Wordvectors preprocessing for very large (>1gb) glove pretrained vectors

anuclearbomb · November 6, 2017, 4:15pm

Hi everyone,

The py notebook wordvectors is used to process pretrained weights from glove. And the following codes were used.

def get_glove(name):
    with open(path+ 'glove.' + name + '.txt', 'r', encoding='utf8') as f: lines = [line.split() for line in f]
    words = [d[0] for d in lines]
    vecs = np.stack(np.array(d[1:], dtype=np.float32) for d in lines)
    wordidx = {o:i for i,o in enumerate(words)}
    save_array(res_path+name+'.dat', vecs)
    pickle.dump(words, open(res_path+name+'_words.pkl','wb'))
    pickle.dump(wordidx, open(res_path+name+'_idx.pkl','wb'))

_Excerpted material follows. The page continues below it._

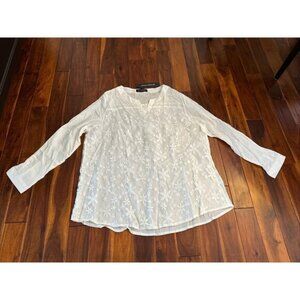 Women’s Blouse Shirt Floral Flowers Lace 5XL White Flowy Boho Gracila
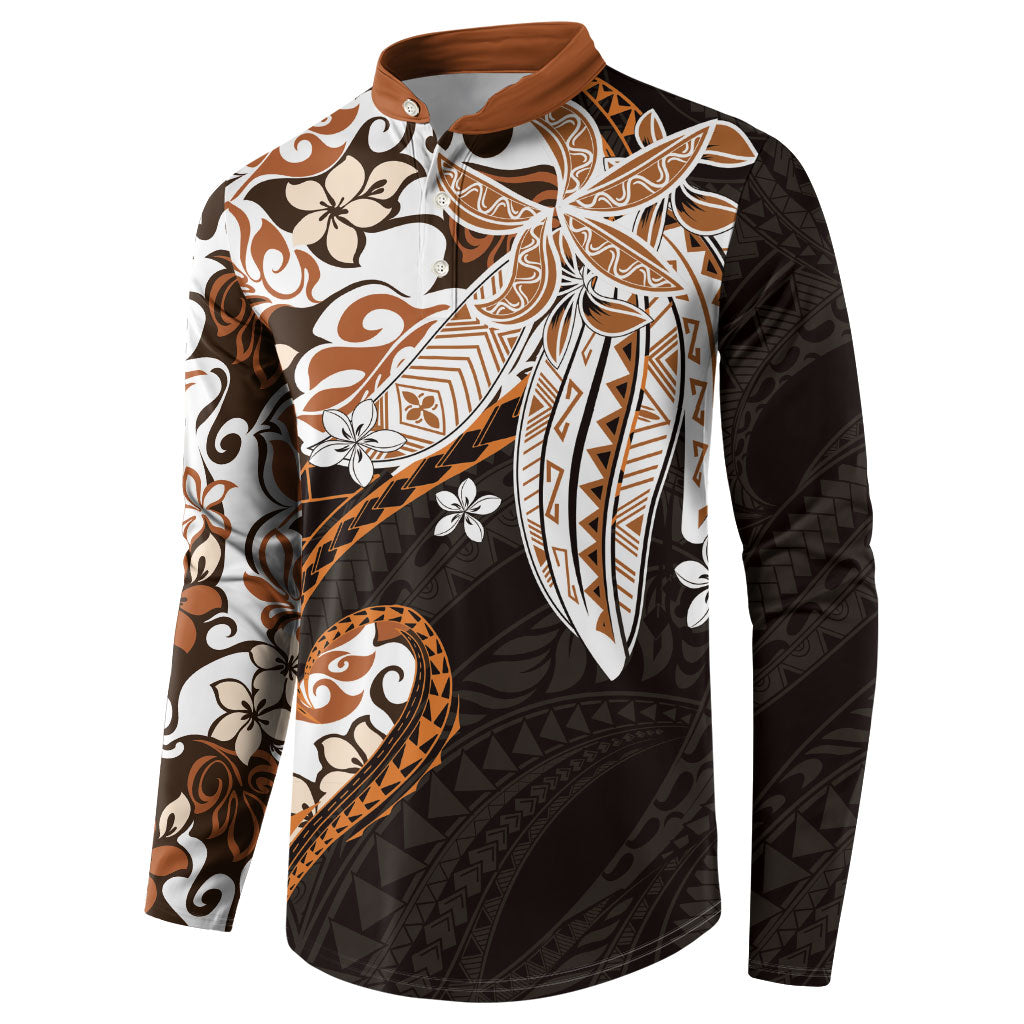 Monstera Plumeria Flowers Orange Button Sweatshirt Polynesian Pattern LT01 - Polynesian Pride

When I tried to process very large pretrained files (e.g. glove.42B.300d), I run into RAM limitation since I only have 16gb. So is there a way to modify the code such that the system reads the pretrained file line by line, instead of loading everything into RAM at once?

Thank you.

anuclearbomb · November 9, 2017, 2:46am

Just to share my work around for this.

I split the pretrained vectors into words and vetors, 2 txt files.

Then read the vectors txt into numpy, and subsequently saved them in a h5py file.

Slower, but doesnt eat up so much RAM at once.

Anyway u just need to do this once, so the slower part is really not that bad.

Please let me know if you have a better way at doing this.